The task — Starting at the line that contains "Steps to creating", transcribe each line exactly through the end of the data below, and skip any pictures.

Data items —

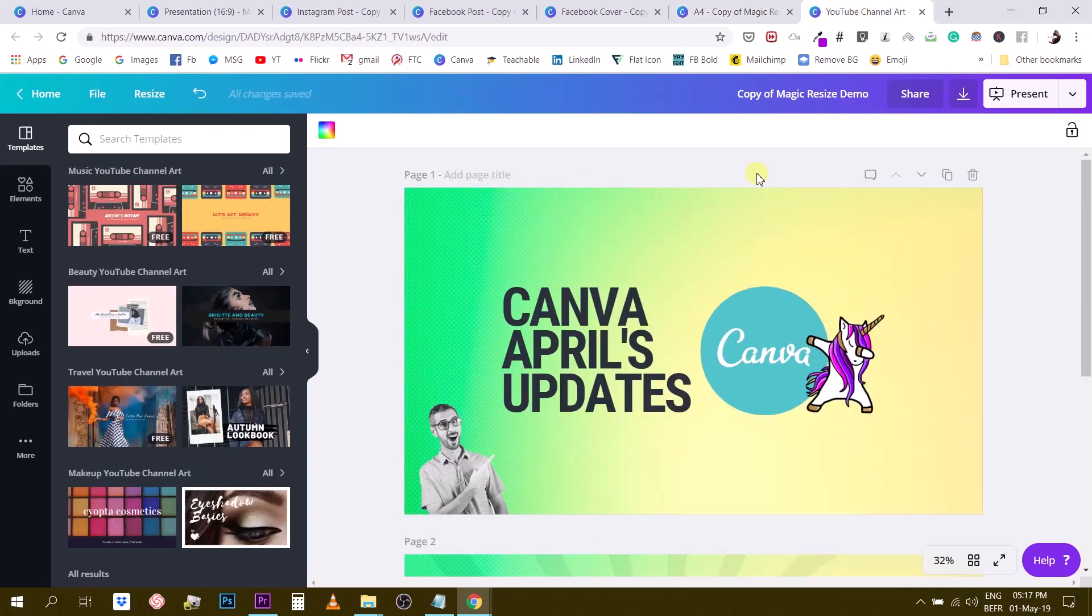very convenient in order to create a series of consistent visuals consistent documents without having to recreate them from scratch so show me or tell me in the comments of this video like how you use magic resize what do you use it for this the only thing I want you to remember is that this is a Canva for work feature it doesn't work for the free account so I hope this video was useful and I will see you in the next video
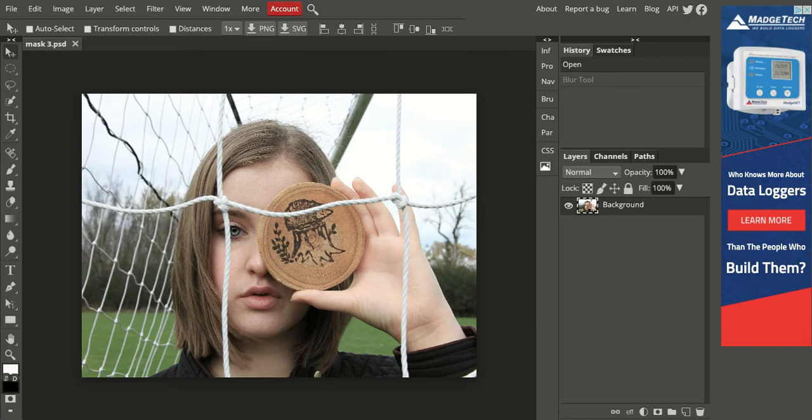Welcome back to another Photopea process tutorial video. I'm going to continue talking about some of the tools today.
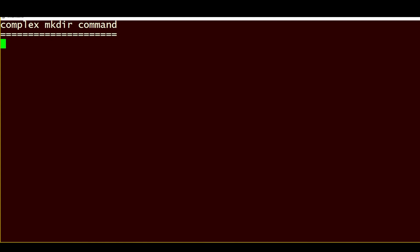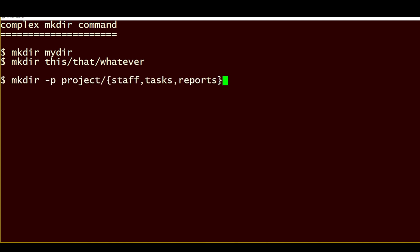While a command like mkdir mydir or mkdir this/that/whatever will create a directory or a directory that has a subdirectory that has a subdirectory, you can do a lot more complex things with the mkdir command.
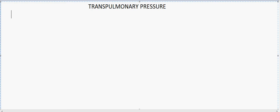Today we will see about the transpulmonary pressure. The transpulmonary pressure is the pressure difference between the intra-alveolar and the intra-pleural pressure.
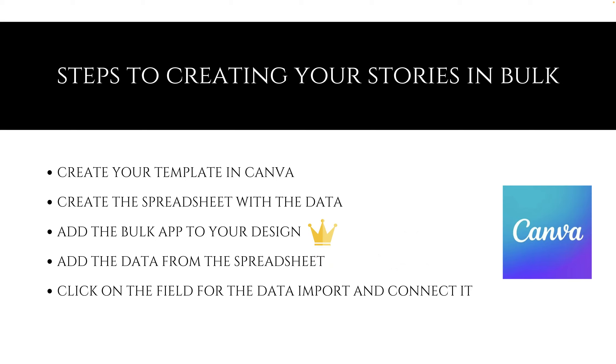Steps to creating your stories in bulk. First, I wanted to outline and then we'll go into the actual lesson. You want to create your template first in Canva in the correct dimensions. Then create a separate spreadsheet, a Google spreadsheet with the data, or if you're an Excel person, you can use Excel. I just like Google because it's easier for me.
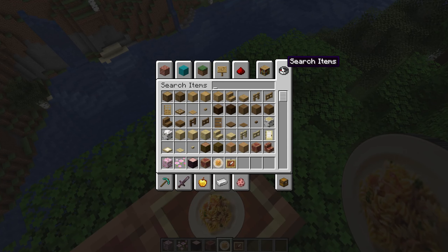I'm genuinely so excited about this pasta in Minecraft. I am such a pasta girly — I could eat pasta all day every day in this game.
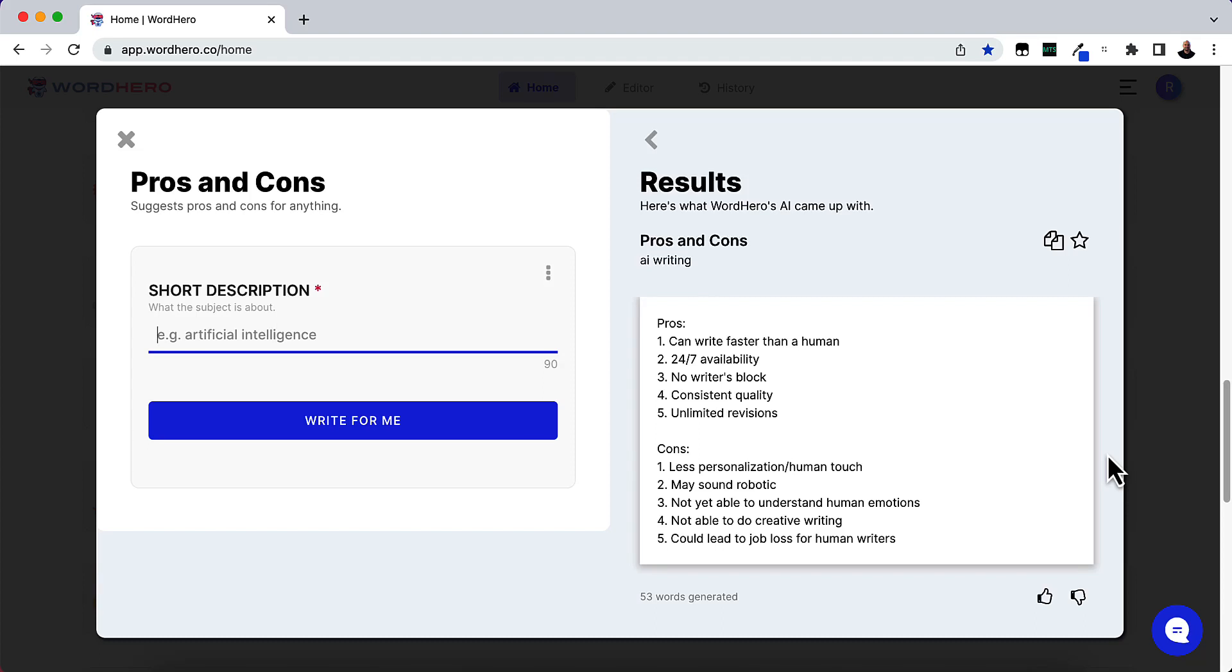Hey guys, in this video I want to go over a new feature in WordHero that I found. I was just messing around with it and happy to come across this. I wanted to share with you guys if you don't know that this exists inside WordHero.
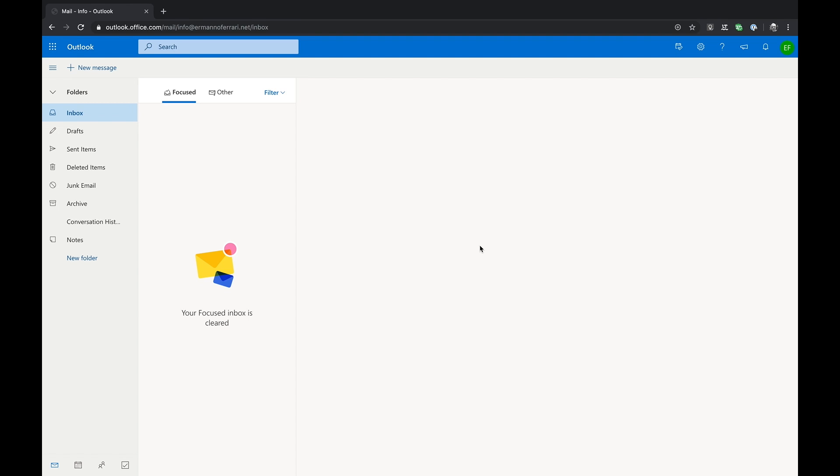PWA stands for Progressive Web App and what it means is basically a software application delivered through the web. The advantage of PWAs is you don't actually install the software on your computer but rather have a sort of window container of the web version of the app.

Response for this exercise —
Steps to creating your stories in bulk. First, I wanted to outline and then we'll go into the actual lesson. You want to create your template first in Canva in the correct dimensions. Then create a separate spreadsheet, a Google spreadsheet with the data, or if you're an Excel person, you can use Excel. I just like Google because it's easier for me.
I'm genuinely so excited about this pasta in Minecraft. I am such a pasta girly — I could eat pasta all day every day in this game.
Hey guys, in this video I want to go over a new feature in WordHero that I found. I was just messing around with it and happy to come across this. I wanted to share with you guys if you don't know that this exists inside WordHero.
PWA stands for Progressive Web App and what it means is basically a software application delivered through the web. The advantage of PWAs is you don't actually install the software on your computer but rather have a sort of window container of the web version of the app.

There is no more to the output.